# Laser technology



## Sonnie (Apr 11, 2006)

I've often wondered exactly how some laser can pick up an audio and video signal and actually transfer it to sound and picture. Sounds like it would be complicated. Can anyone explain it in layman terms?


----------



## drf (Oct 22, 2006)

Yes, but it'll have to be after work as I am running late.


----------



## tweeksound (Jul 31, 2007)

I can comment on the digital audio side of things better than I can 
on the video side.
I actually am teaching a "digital audio fundamentals" class tomorrow, 
so this Will be good brush up material.

I am eager as well, to hear drf's post on the subject 
as I have a fairly basic understanding of mainly the audio 
aspect and much less the video aspect.

Here goes...

Sound, when in the air is mechanical or acoustical energy. 
A vibrating apparatus basically vibrates the air by compressing the air
molecules (or any matter molecules) creating high pressure zones called 
compressions. This is represented on our graphical waveform displays as a crest or the 
uprising slope.
Since air wants to remain at the pressure level it was at before it was compressed these high 
pressure zones bounce back or refract into equal and opposite low pressure zones ( the equal and opposite 
low pressure zone is less equaled proportionately according to outside forces such as 
friction, etc.) called refractions.

low pressure zones are represented on our graphical waveform displays as a trough or the 
downward slope.

When this acoustic or mechanical energy meets with the diaphragm of a microphone it moves the diaphragm the same way. Compressions push the diaphragm in and refractions pull it back out. Somewhere in between these two extremes the 
diaphragm sits at rest suspended in a homeostasis.

Assuming the microphone is of the dynamic type (for simplicity) the diaphragm has attached to it a spool of copper wire called a voice coil.
This voice coil sits within a magnet called a permanent magnet. The magnet doesn't move but the voice coil moves along with the diaphragm as
they are attached.

Because there is a magnet with a coil of wire suspended within it, there exists an electro magnetic field.
When the diaphragm moves and causes the voice coil to move within the boundary of the magnet, it causes fluctuation in the electromagnetic field 

These fluctuations cause extremely minute and constant changes in the voltage created in the electromagnetic field which travel down the two ends 
of the voice coil wire to an amplifier. This signal is now analogue. Meaning it's an electrical signal that represents the acoustic signal theoretically exactly. 
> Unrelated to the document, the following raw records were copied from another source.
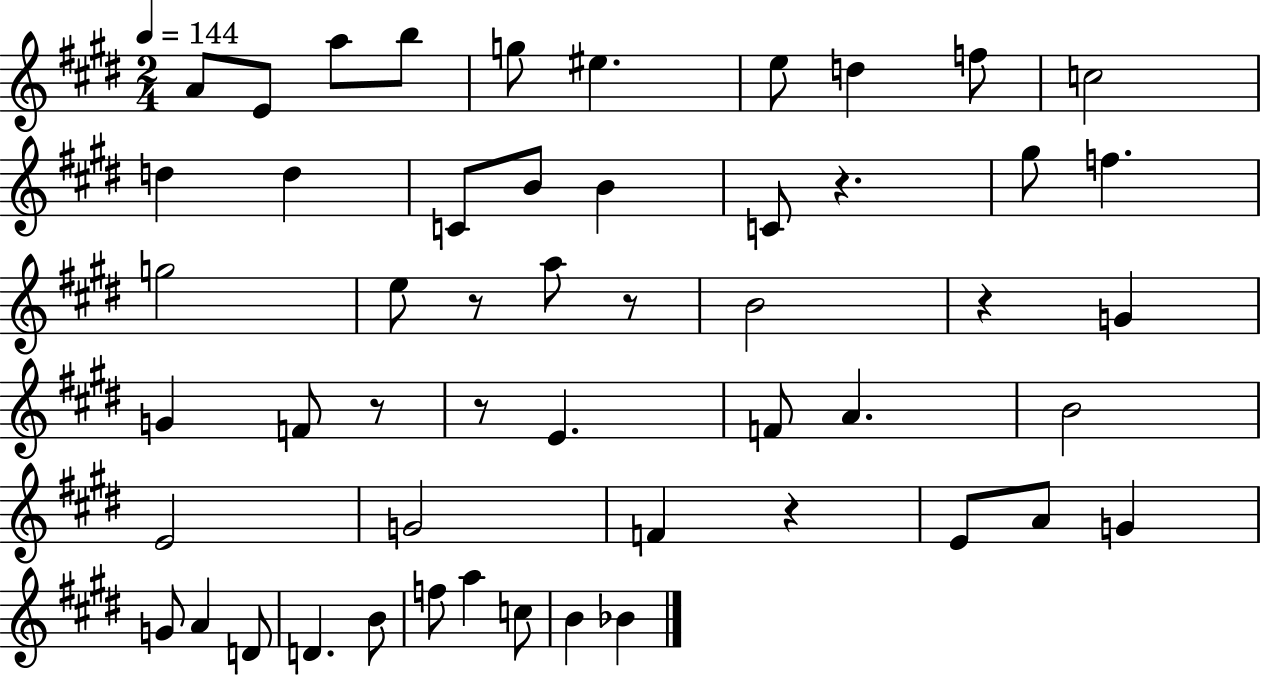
A4/e E4/e A5/e B5/e G5/e EIS5/q. E5/e D5/q F5/e C5/h D5/q D5/q C4/e B4/e B4/q C4/e R/q. G#5/e F5/q. G5/h E5/e R/e A5/e R/e B4/h R/q G4/q G4/q F4/e R/e R/e E4/q. F4/e A4/q. B4/h E4/h G4/h F4/q R/q E4/e A4/e G4/q G4/e A4/q D4/e D4/q. B4/e F5/e A5/q C5/e B4/q Bb4/q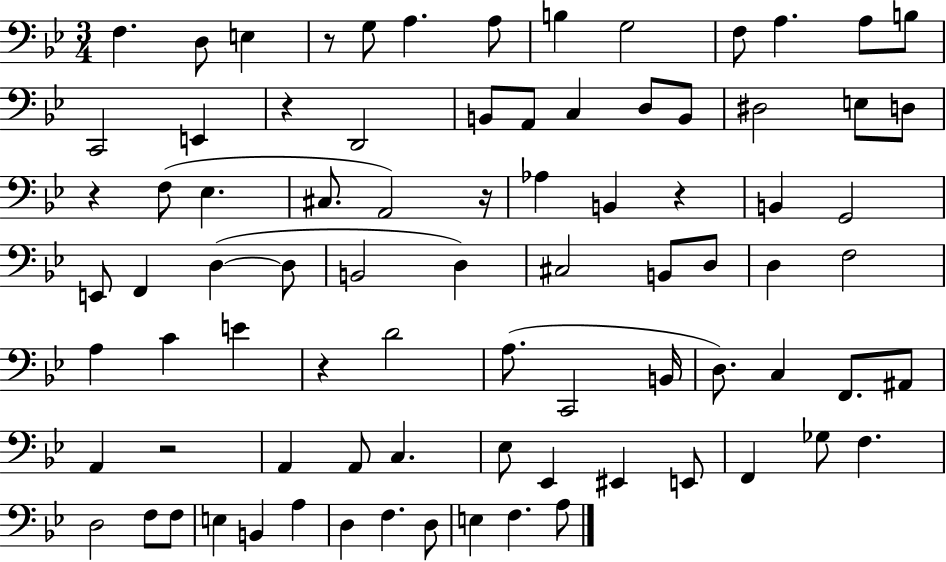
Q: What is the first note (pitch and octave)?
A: F3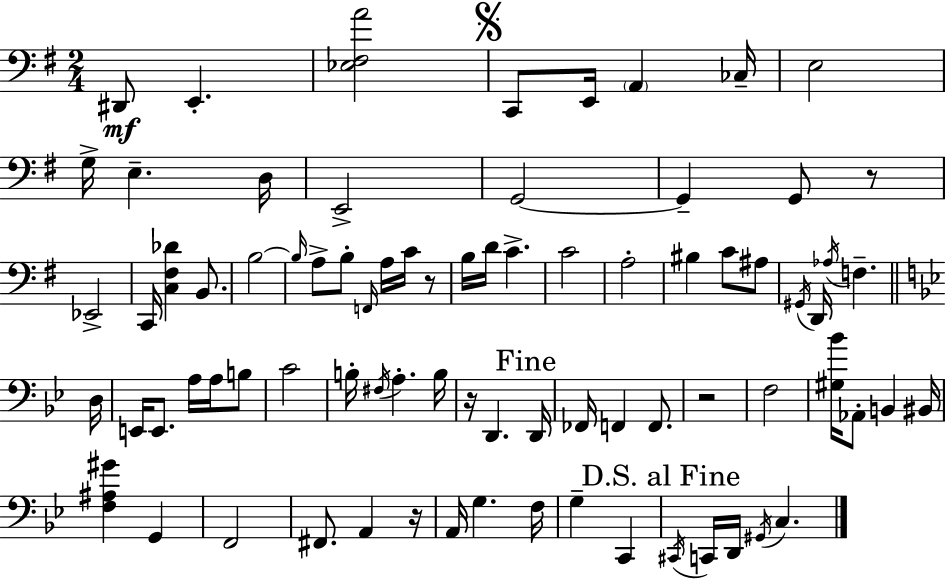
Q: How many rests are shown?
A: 5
The amplifier multiplies the small incoming voltage over and over until it's loud enough to be used.
For recording you only need a preamplifier to get the signal up to line level.
For PA systems you need a preamplifier and then a power amplifier to get the signal strong enough to 
be heard well in a large area.

Let's assume we are recording the signal so we only need a preamplifier.
The preamplifier outputs a replica of the signal created in the microphones electromagnetic field
only at a higher voltage. 0 VRMS = no movement of the diaphragm and 1.228 VRMS is maximum movement 
of the diaphragm.


When recording the analogue voltage from the preamplifier's output is first sent into an analogue 
to digital converter (ADC, A/D).
This is a circuit that assigns a number to each voltage value.

For simplicity I will explain it as an 8 bit system. An 8 bit system is able to have 8 1's or 8 0's 
and any combination of them, and there are 256 combinations.
Therefor an 8 bit ADC will allot the voltage into 256 levels including 0 V.
There are linear converters and there are logarithmic converters. Audio recording uses mostly logarithmic converters
meaning more of our 256 plot points are used from 0 - .614 VRMS than from .614 - 1.228 VRMS.
This allows lower level but equally complex passages of music to have more resolution than in a linear 
converter system.

Cds are actually 16 bit and have 65,536 possible combinations of 1 and 0s.

Now, looking at our graphical waveform we have our vertical axis (amplitude) covered but the horizontal 
axis (time) is not.

Just as as your favorite song might be 3 minutes and 45 seconds long, all audio has a dimension of time.
The horizontal axis represents time. And the bit depth plot points that we've discussed need to be plotted at equal intervals of time
in order to have a linear playback. These intervals are determined by the "sample rate".
Sample rate (or sampling frequency) is just like it's sounds. The rate or frequency at which the incoming 
analogue signal is sampled or plotted at. It's measure is samples per second or Hertz.
Cds have a set sampling frequency of 44,100 samples per second or 44.1Khz.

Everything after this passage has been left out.